Aber so extrem verwickelt sind die einzelnen Probleme ja gar nicht. Das Yasukuni-Problem ist dadurch lösbar, daß der Ministerpräsident seine Besuche einstellt, und wenn die revisionistischen (rekishi o minaosu) Lehrbücher nicht in der Mehrzahl der Schulen eingeführt würden, würde sich das Gift, das sie verspritzen, auch in Grenzen halten. So schwierig ist beides nicht. Nun stehen diese einzelnen Probleme aber in einer wechselseitigen Beziehung zueinander, sie sind gemeinsamer Ausdruck einer Tendenz und scheinen fast so etwas wie ein System zu bilden. Was ist das für eine Tendenz? Nun, es ist die Legitimierung und Beschönigung des fünfzehnjährigen Krieges durch die gegenwärtige japanische Gesellschaft: „Dieser Krieg war richtig“ oder jedenfalls „gar keine so schlechte Sache“. In den meisten Staaten der Welt sieht man die Dinge heute aber ganz anders. Dieses japanische „historische Bewußtsein“ bedroht nicht nur die Zukunft Chinas, sondern ganz Asiens, Japan inbegriffen.
Die Fragen, die sich an das historische Bewußtsein richten, dürfen sich nicht in die Vergangenheit verbeißen, sondern müssen auf dem Weg durch die Vergangenheit zu Fragen an die Zukunft werden. Die Haltung Nachkriegsjapans gegenüber dem fünfzehnjährigen Krieg wird häufig mit der „Vergangenheitsbewältigung“ (kakô no kappuku) Nachkriegsdeutschlands verglichen. Ich brauche das dazu Gesagte hier nicht zu wiederholen, sondern beschränke mich auf den Hinweis, daß dieser Vergleich vermutlich nicht nur in japanischen, sondern auch in chinesischen Köpfen unablässig präsent ist. Die Geschichte des Krieges ist japanische, zugleich aber auch chinesische Geschichte. Die Auffassung, historisches Bewußtsein sei ein innenpolitisches Problem, in das sich das Ausland nicht einmischen dürfe, ist absurd. Da der Yasukuni-Schrein nicht nur die Verehrung der im Krieg gefallenen Militärs und Militärangehörigen betreibt, sondern dadurch auch eine Deutung des Krieges – eine Deutung, die seit der Vorkriegszeit im Wesentlichen unverändert geblieben ist – vorlegt, sind die Besuche des Ministerpräsidenten auch international von Bedeutung.

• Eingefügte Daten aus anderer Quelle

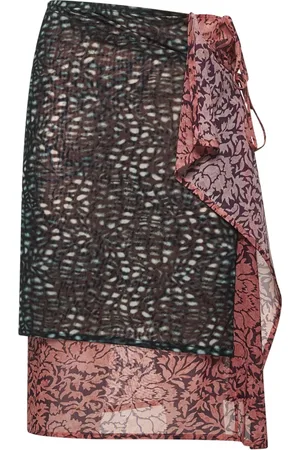 DRIES VAN NOTEN Dame, Skjørt, Flerfarget, S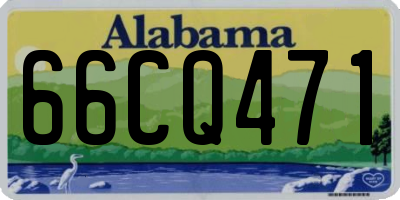 AL license plate 66CQ471
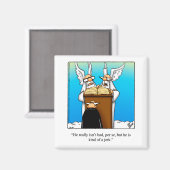 Funny Stocking Stuffer Heavenly Humor Magnet (Voorkant / Achterkant)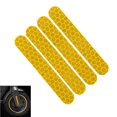 thumbnail image 3 of Naiovety Pegatinas reflectantes nocturnas autoadhesivas, tira de advertencia impermeable, accesorios de decoración compatibles con el patinete eléctrico Ciclismo Oro, 3 of 6
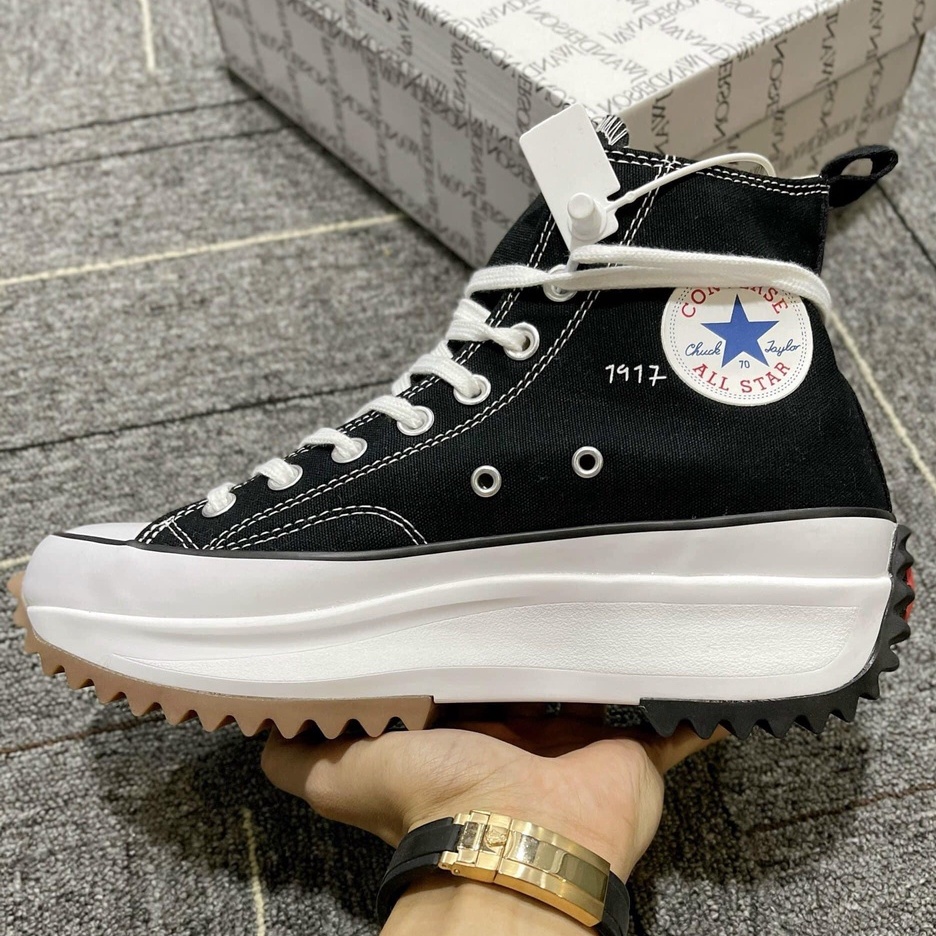 Giày Converse Run Star High, Bản SC cổ cao đế độn cho cả nam và nữ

Ich habe im Krieg zwei Freunde verloren. Mein ganzes Leben seither hat der Gedanke begleitet, daß es nicht den geringsten Grund für eine Rechtfertigung ihres Todes und meines Überlebens gibt. Auch wenn ich nicht so weit gehen will zu behaupten, ich hätte so gelebt, wie sie es gewünscht hätten, wenn sie am Leben geblieben wären, habe ich sie doch wenigstens nie dadurch verraten, daß ich mir etwas gewünscht hätte, von dem ich weiß, daß sie es abgelehnt hätten. Das ist meine Art, um sie zu trauern. Es gab für mich nie die Notwendigkeit, den Yasukuni-Schrein zu besuchen. Aber es gab Gründe, sich der Tatsache zu widersetzen, daß der Staat Menschen dadurch tötet, daß er sie an die Front schickt oder durch Richter zum Tode verurteilen läßt. Der Tod stellt keinerlei Bedingungen und ist in diesem Sinne gewissermaßen unparteiisch. Er kennt keine Unterschiede nach Besitz, Intelligenz, gefühlsmäßigen Vorlieben oder Staatsangehörigkeiten. Die politische Instrumentalisierung der Toten schändet sie.
24. 5. 2005, S. 22 (Frank Böhling)
„Surechigai“ no hate ni erschien in der Kolumne „Närrische Gedanken am Abend“.